The subway sequence also includes brief cameos from the two directors. Gillett tongue-in-cheekedly describes their appearance as "the scariest shot in the movie. I, unfortunately, am more heavily-featured than Matt. He's dressed as Kurt Cobain and I am the fluffy-headed guy with the butcher knife through his head, sitting next to our producer William Sherak's daughter Eloise."
Tim Robinson
'I Think You Should Leave'
| CREDIT: NETFLIX
The
Saturday Night Live veteran and
I Think You Should Leave star has a vocal cameo in the film, playing the boyfriend — or most recent sex partner, anyway — of Liana Liberato's Quinn Bailey. The
Scream VI filmmakers connected with Robinson via their pal,
Popstar: Never Stop Never Stopping director Akiva Schaffer.
"Tim is the voice of Paul 2.0, Quinn's boyfriend, the off-camera character who is in a couple of scenes and then gets brutally murdered," says Bettinelli-Olpin. "Akiva has directed some of Tim's show, and so we got to know him a little bit, and he came down and he did it for us like, a week before we finished. We'd even been dream casting it for a bit. We were like, 'Man, if we could get Tim Robinson to do this, that would be incredible.' He just came down to the Paramount lot and did those lines in like, half an hour. They made the scene for us."

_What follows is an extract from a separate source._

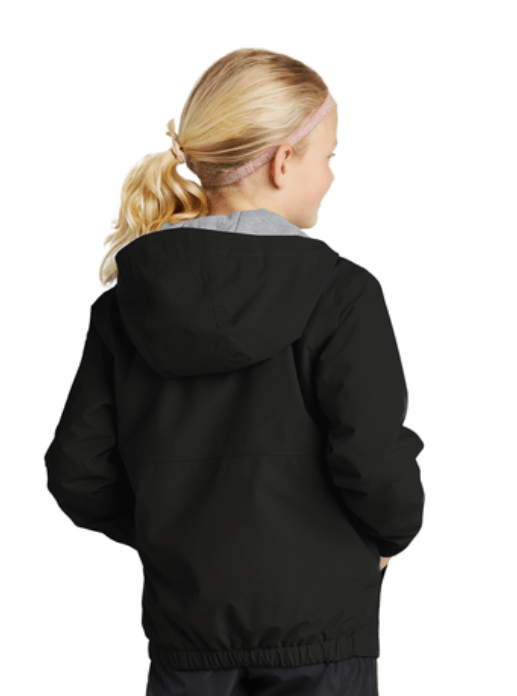 Custom Apparel - Screen Printing - Okemos Softball Club - Youth Waterproof Insulated Jacket - Okemos Softball Club - 16550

"It was hard to not use all of the stuff he gave us," says Gillett. "There was a version of that scene where it just became a broad comedy, it became a sketch really quick. Tim gave us so many wonderful, hilarious lines."
Wes Craven
Wes Craven
| CREDIT: PAUL ARCHULETA/FILMMAGIC
The
Scream VI filmmakers paid twisted tribute to
the late Master of Horror, who directed the first four
Scream movies, by naming a prominently featured store 'Abe's Snake Bodega.' What's the connection? Well, 'Abe Snake' was the pseudonym Craven used when, early in his career, he directed the 1975 porn film
The Fireworks Woman. The notion to homage the filmmaker in this fashion originated with Ice Nine Kills singer Spencer Charnas, another friend of Bettinelli-Olpin and Gillett.
"We asked him to make a punk-rock flyer [and] on it was 'Abe Snake,'" says Bettinelli-Olpin. "When we saw that, we were like, that's a great idea, let's steal that for the bodega! So we did a little tweak on it and made it the bodega name. But that came from Spencer of Ice Nine Kills."
V/H/S
Kate Lyn Sheil in 'V/H/S'
| CREDIT: EVERETT COLLECTION
The Radio Silence team
— a creative collective comprising Bettinelli-Olpin, Gillett, and
Scream VI executive producer Chad Villella
— directed and starred in a segment of the 2012 anthology horror film
V/H/S, and
Scream VI boasts a several references to the film and its other creators. When we first see Jenna Ortega's character, Tara, she is wearing a pirate costume similar to the one sported by Bettinelli-Olpin in
V/H/S, while one of her friends is clad in a bear costume, just as Gillett's character is in the earlier film. "And the beer in the bodega and in the frat house is called Miska's Mead," says Gillett, "after Brad Miska, who runs
Bloody Disgusting, who got us on
V/H/S to begin with." Also? The surname of Jason Carvey's dismembered roommate Greg Bruckner is a tip of the hat to another
V/H/S director, David Bruckner, who made
last year's Hellraiser reboot. "Those are more just nods and winks to our friends," says Gillett.
Wednesday Addams
Jenna Ortega on 'Wednesday'
| CREDIT: NETFLIX
Finally, the ooky and spooky character played by Ortega on Netflix's
Wednesday receives a visual nod during the
Scream VI frat party sequence in the form of a Wednesday Addams costume worn by one of the attendees. "[We] definitely made that choice to feature that costume before
Wednesday released, not knowing it would become the sensation that it would become," says Bettinelli-Olpin. "But we think it's all the more hilarious because of that."
Scream VI is now available to buy on Digital and is streaming on Paramount+. Paramount Home Entertainment will release the film in a 4K Ultra HD SteelBook, on 4K Ultra HD, Blu-ray, and DVD July 11.